FIG. 14 is an illustration of an embodiment of a method of using a remote device with a utility locator to access additional conventional or AI processing resources available in the Cloud, in accordance with certain aspects of the present invention.

DETAILED DESCRIPTION

It is noted that as used herein, the term “exemplary” means “serving as an example, instance, or illustration.” Any aspect, detail, function, implementation, and/or embodiment described herein as “exemplary” is not necessarily to be construed as preferred or advantageous over other aspects and/or embodiments.

Example Embodiments

FIG. 1 illustrates details of an exemplary embodiment of different methods 100 for collecting multifrequency electromagnetic data from buried objects associated with utilities 150. Methods 100 may include collecting data from various apparatus with the ability to receive, measure, or sense single or multifrequency electromagnetic data from under or above ground sources. The various apparatus may include one or more of the following: GPS or other satellite systems 110, utility or other locator systems 120, equipment with one or more transmitters, receivers, or transceivers 130, sonde equipment 140, and many other types of utility sensing equipment well known by those skilled in the art.
FIG. 2 illustrates details of an exemplary method 200 of using Deep Learning/artificial intelligence to recognize patterns and make predictions related to underground utilities.
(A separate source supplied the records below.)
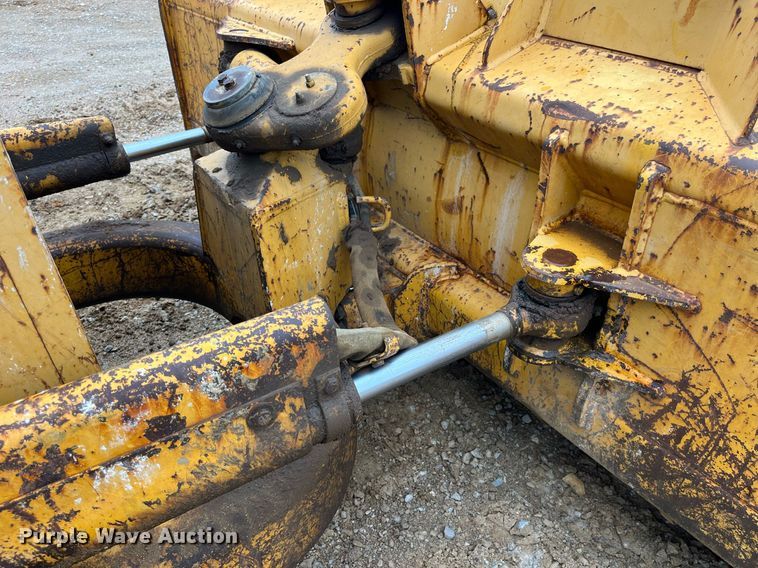 image for item LA9952 1996 John Deere 450G  dozer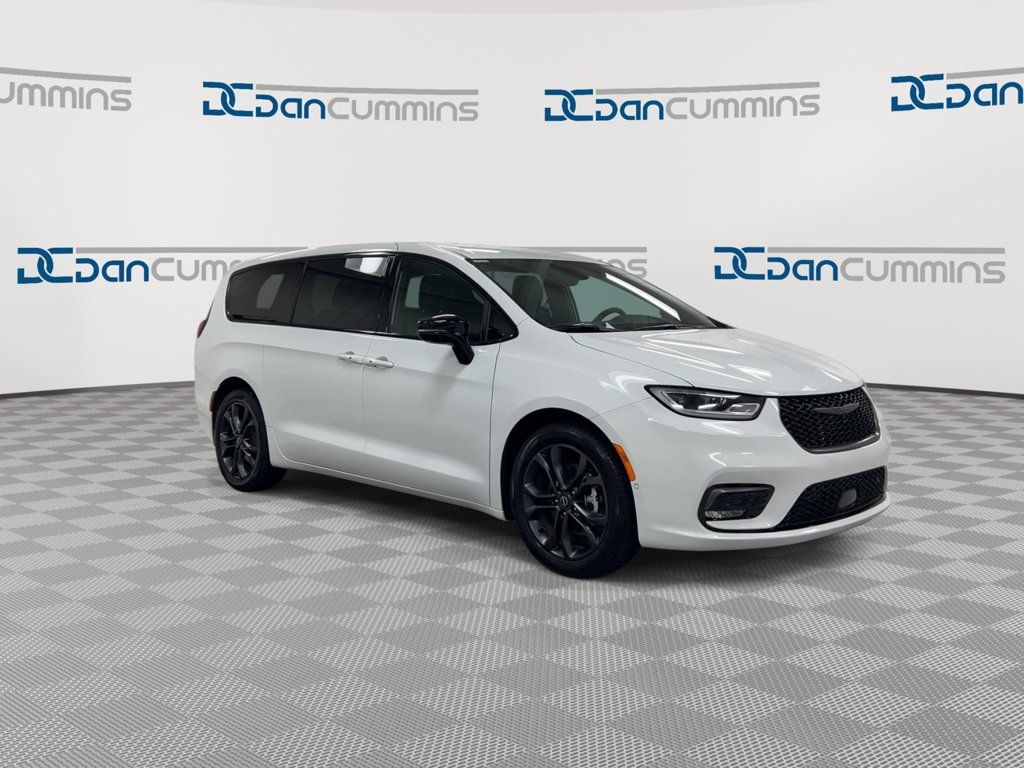 New 2026 Chrysler Pacifica Select FWD image 2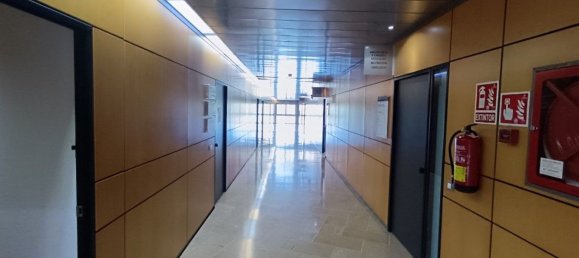 90m² Office in Palma de Majorca, Spain No. 155386 26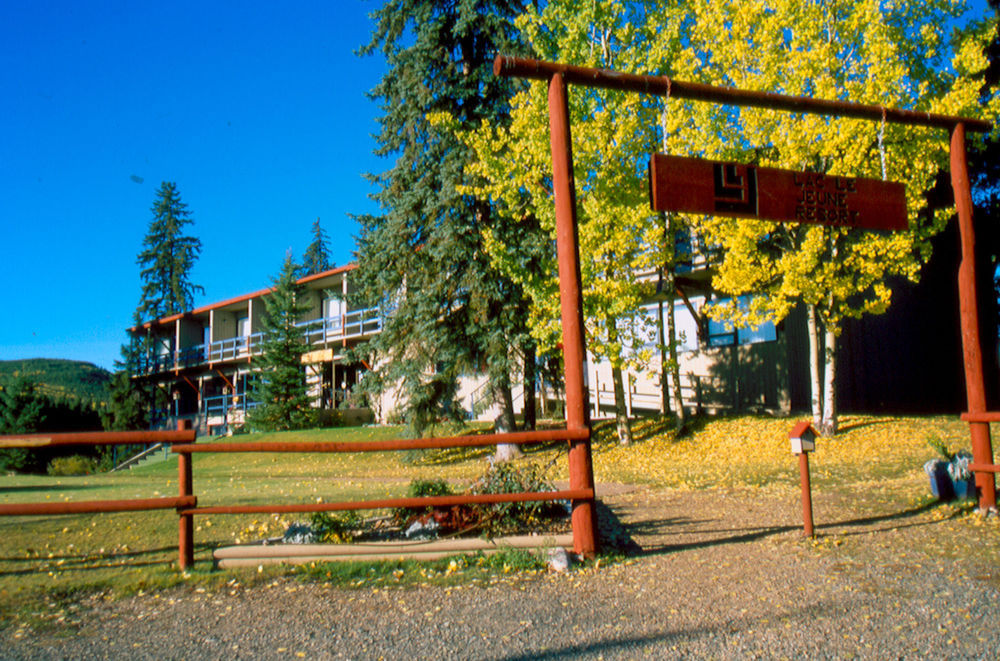 Lac Le Jeune Nature Resort Logan Lake Экстерьер фото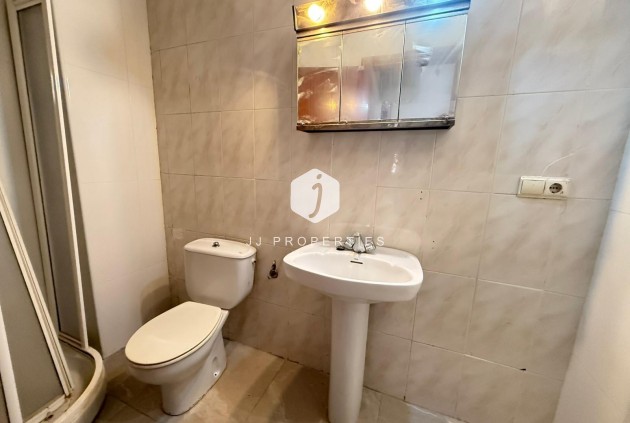 Resale - Apartment / flat -
Torrevieja - Playa de los Locos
The method starts at block 210 collecting data and proceeds to block 220 where a Training Data Base, also known as a Data Suite or Training Data Suite, is assembled. The method then proceeds to block 230 where Deep Learning is used to train a neural network using Artificial Intelligence. Finally, the method proceeds to block 240 where AI estimates the probability that underground or buried objects or assets are specific types of equipment or utilities and other specifics including but not limited to current and/or voltage data, even and odd harmonics data, active and/or passive signal data, and spatial relationship data.
FIG. 3 illustrates details of an exemplary embodiment 300 of a system including a service worker 310 using a portable locator 320, and a sonde 330 located underground 340 to collect single or multifrequency electromagnetic data from an underground or buried utility asset 350.
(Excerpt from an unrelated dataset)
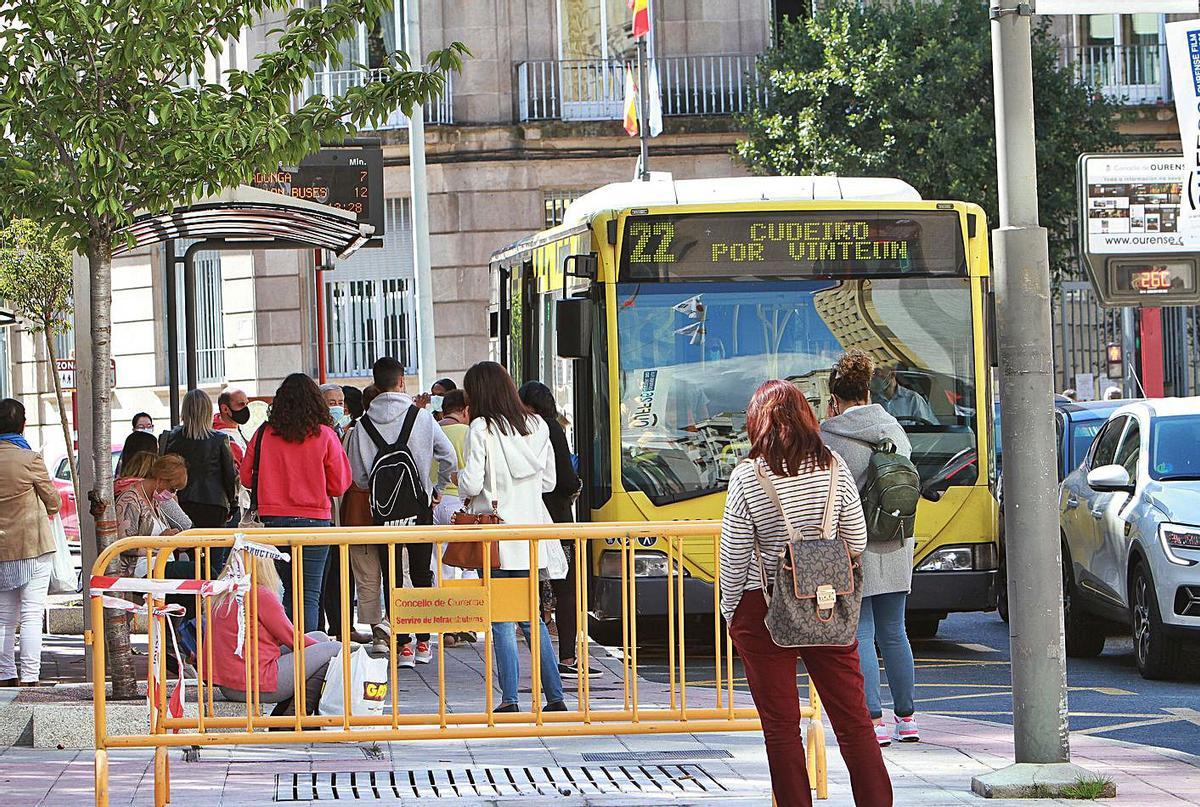 Un autobús realiza una parada en el Parque San Lázaro. |   // IÑAKI OSORIO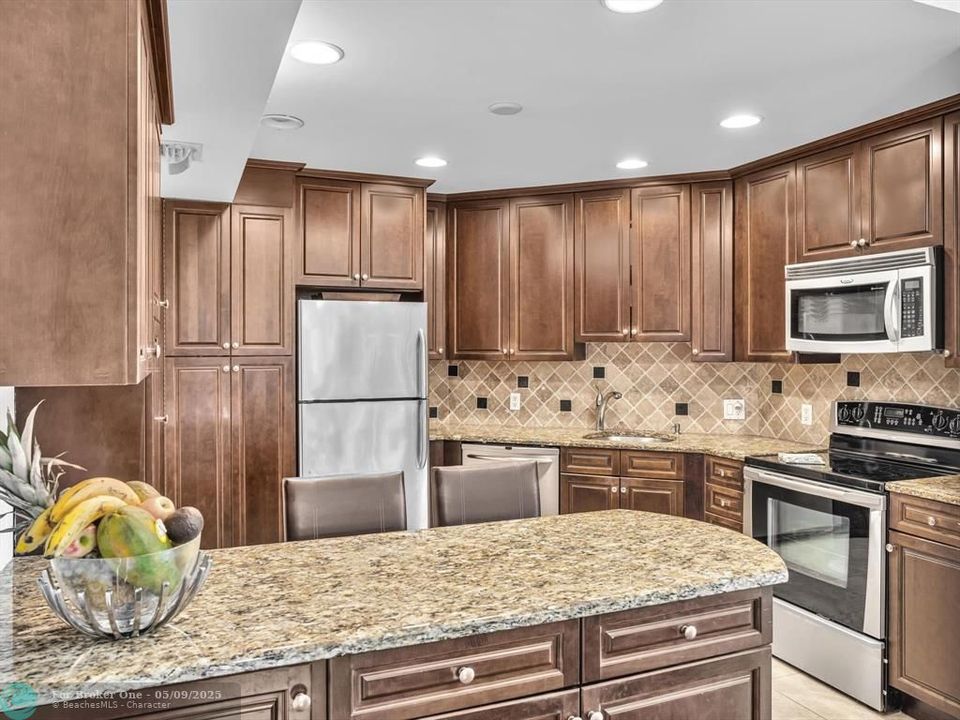 For Sale: $1,119,000 (2 beds, 2 baths, 1284 Square Feet)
FIG. 4 illustrates details of an exemplary embodiment 400 of a system including a vehicle 410 equipped with an GNSS antenna 420, a locator 430, a dodecahedron antenna 440, and a sonde 450 located underground 460, used to collect single or multifrequency electromagnetic data from an underground or buried utility asset 470.
FIG. 5 illustrates details of an exemplary embodiment 500 of a method of providing training data to a neural network to use Deep Learning/artificial intelligence to recognize patterns and make predictions related to underground utilities. Multifrequency Electromagnetic Data 510 may be collected from multiple sources, any Predefined Classifier(s) 520 may be inputted or entered by a user, and both may be combined in block 530. Other data such as image data, harmonics data, etc. may also be combined in block 530. The Combined data is also known as a Data Suite. Data combined at 530 becomes available to be used as Training Data, also known as a Training Data Suite, at block 540. The Training Data 540 is then provided to one or more Neural Networks 550 which use Deep Learning to predict one or more data classes 560 for the underground or buried assets related to utility and communication systems. Artificial Intelligence (AI) is used to provide a probability that specific assets have specific characteristics, have relationships between other assets, and fall into one or more classification or categories by using the training data to recognize patterns.
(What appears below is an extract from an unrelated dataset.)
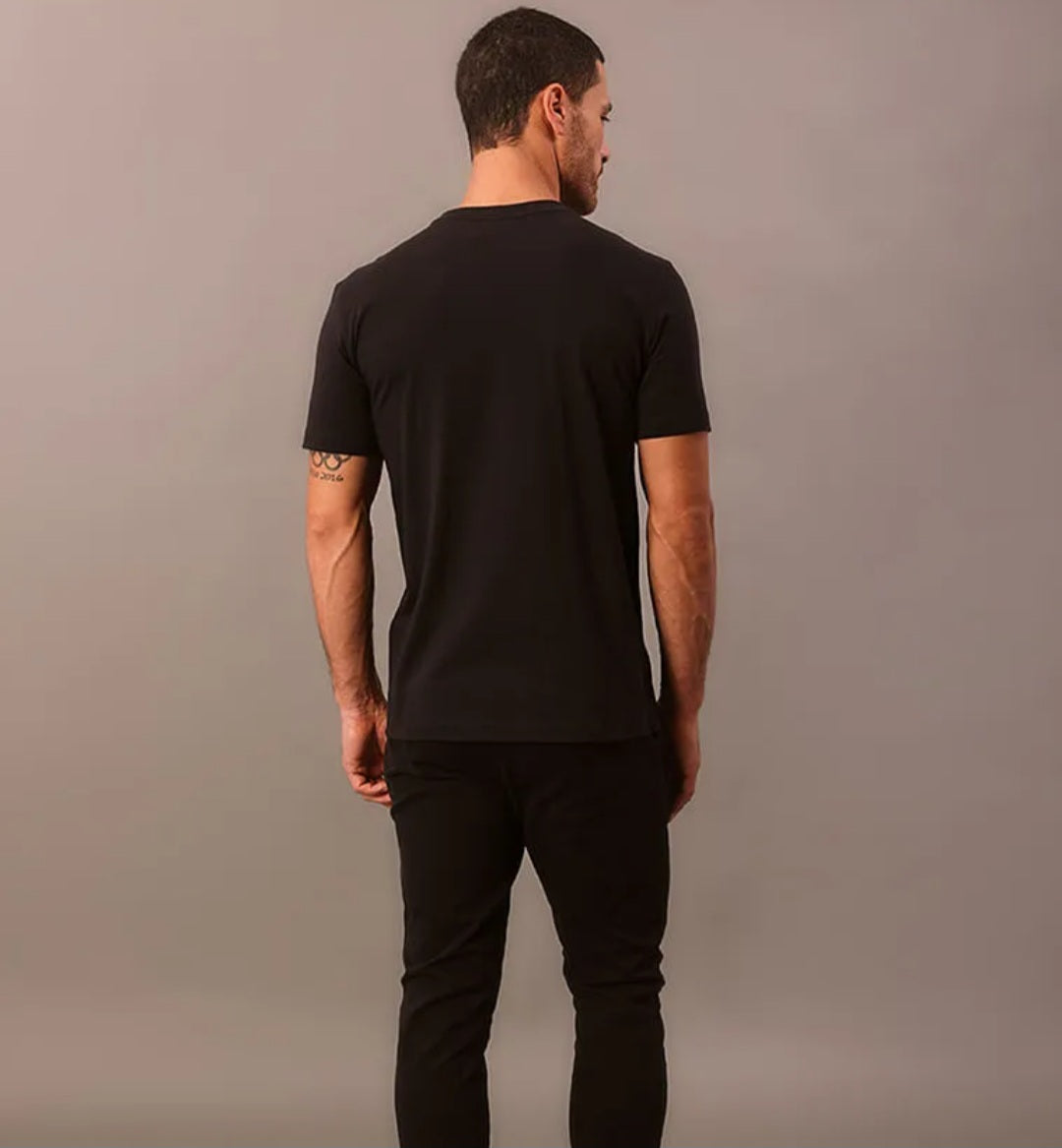 Camiseta Calvin Klein Jeans Masculina Preta com Estampa Gráfica Logo Repetido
FIG. 6 illustrates details of an exemplary embodiment 600 of a chart showing various types of collected and other data as Training Data for Deep Learning in a Neural Network that uses Artificial Intelligence (AI). Collected Data 605 may include Multifrequency Electromagnetic Data 610, Imaging Data 615, Mapping Data 620 which may include Depth and/or Orientation Data, Current and/or Voltage Data 625, Harmonics Data 630 including Even and/or Odd Harmonics Data, Active and/or Passive Signal Data 635, Spatial Relationship Data 640, Fiber Optic Data 645, Phase Data 650 which may include Single Phase or Multiphase Data, Phase Difference Data 655, Ground Penetrating Radar Data (GPR) 656, Acoustic Data 657, Tomography Data 658, Magnetic Gradiometry Data 659, LIDAR data 642, Point Cloud data 644, and GIS Asset Data 646. It is contemplated that additional types of Collected Data 605 related to utilities and communication systems could also be used, and would be apparent to those skilled in the art. Training Suite Data 660, which may include Collected Data 605, may also include Other Data 665. Other Data 665 may include one or more of the following: Observed Data 670, User Classification Data 675, and Ground Truth Data 680. It is contemplated that additional types of Other Data 665 related to utilities and communication systems could also be used, and would be apparent to those skilled in the art. Some examples of such data are paint marks including previous paint on the ground, pipeline markers, overhead utilities/powerlines, construction techniques uses, e.g. trenchfill (conductivity and magnetic permeability), local ground conductivity, type of equipment in operation on the grid. For instance, equipment could include horizontal drilling equipment that generally runs generally straight between a drill “in” pit and a drill “out pit. There are of course innumerable types of equipment that could be operating on the grid at any given time, these are well known in the art. Collected can include data collected walking and/or by vehicle including air collected data such as data collected by a drone. Collected data can be used separately or combined from multiple sources.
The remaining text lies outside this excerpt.